> **What you have to do**: With the pictures left out, reproduce exactly the lines running from the line with "Guitarra Y Frutero" to the last line of the material below.

> **Recorded information**:

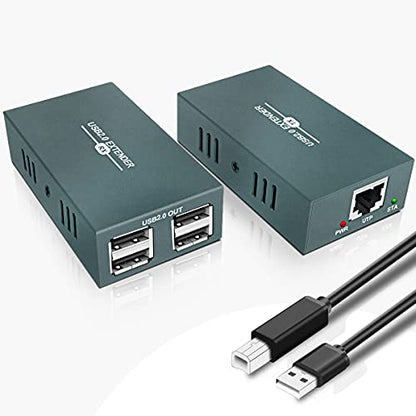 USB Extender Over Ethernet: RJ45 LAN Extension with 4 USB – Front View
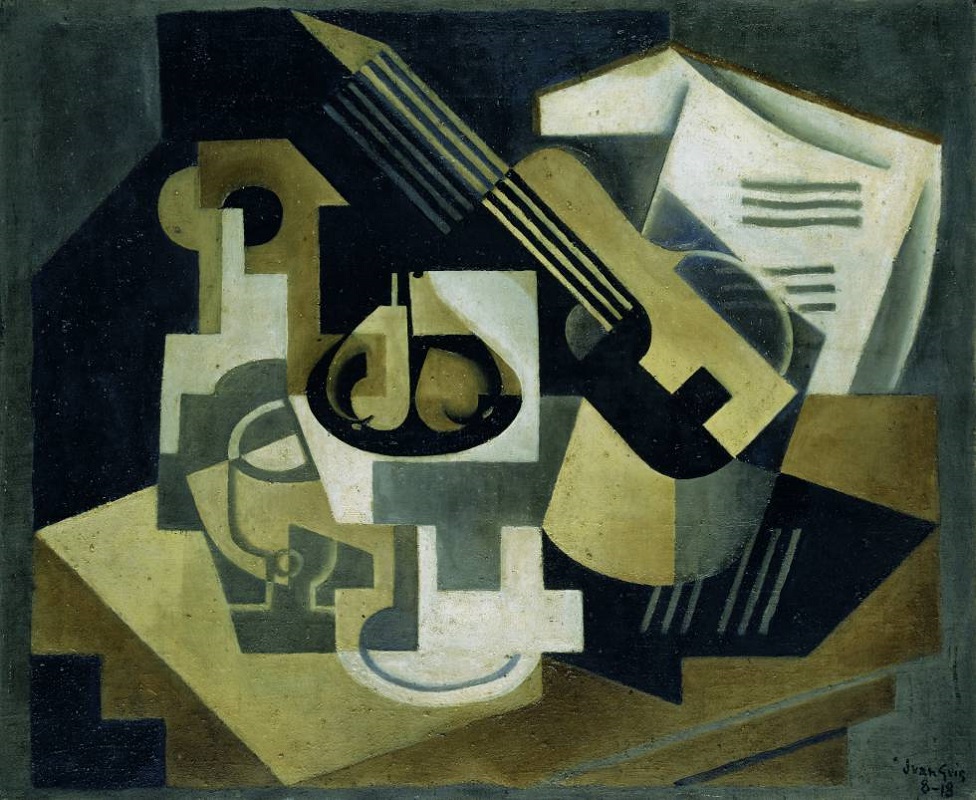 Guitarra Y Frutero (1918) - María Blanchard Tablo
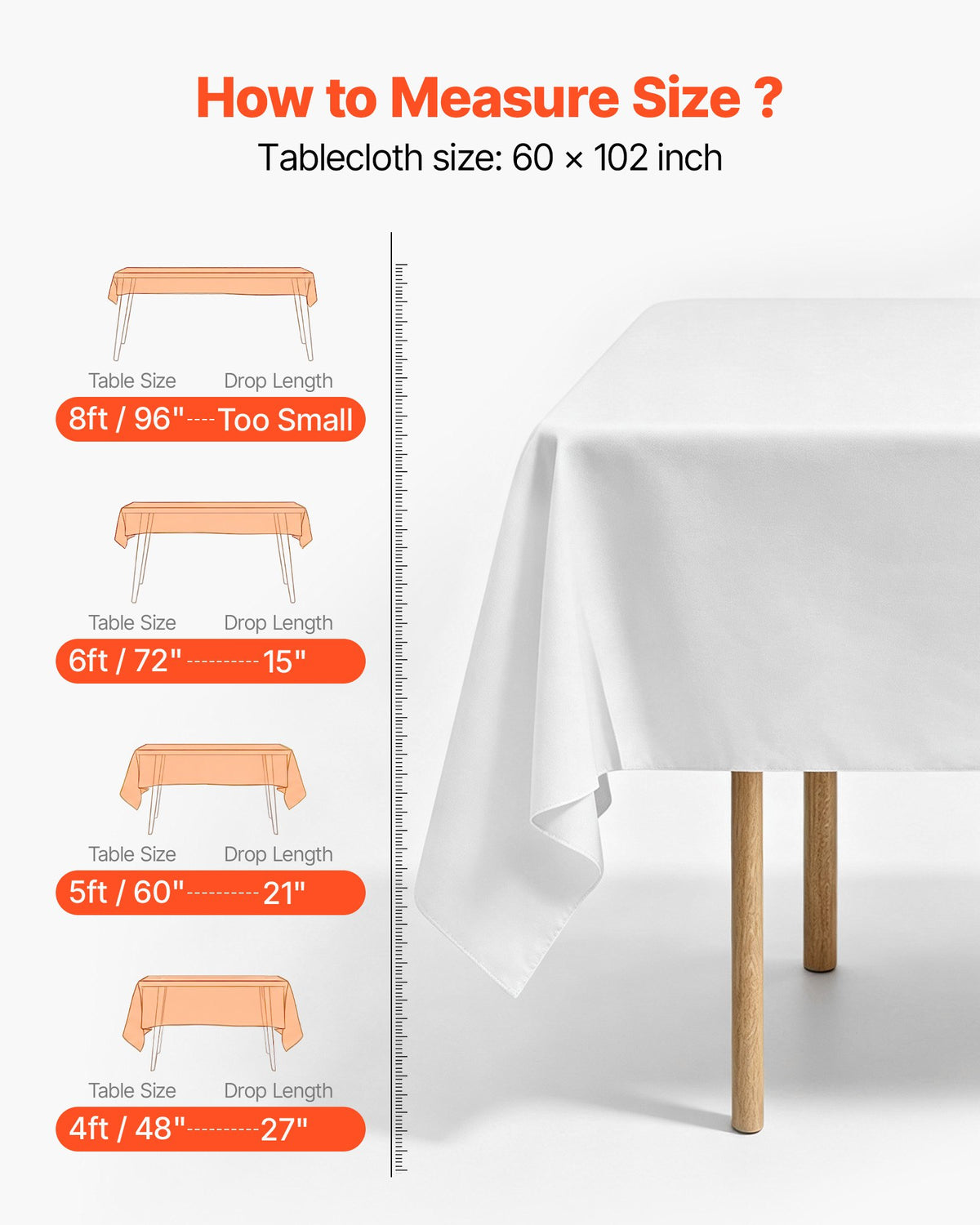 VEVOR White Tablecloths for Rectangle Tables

> **Completed exercise**:
 Guitarra Y Frutero (1918) - María Blanchard Tablo
 VEVOR White Tablecloths for Rectangle Tables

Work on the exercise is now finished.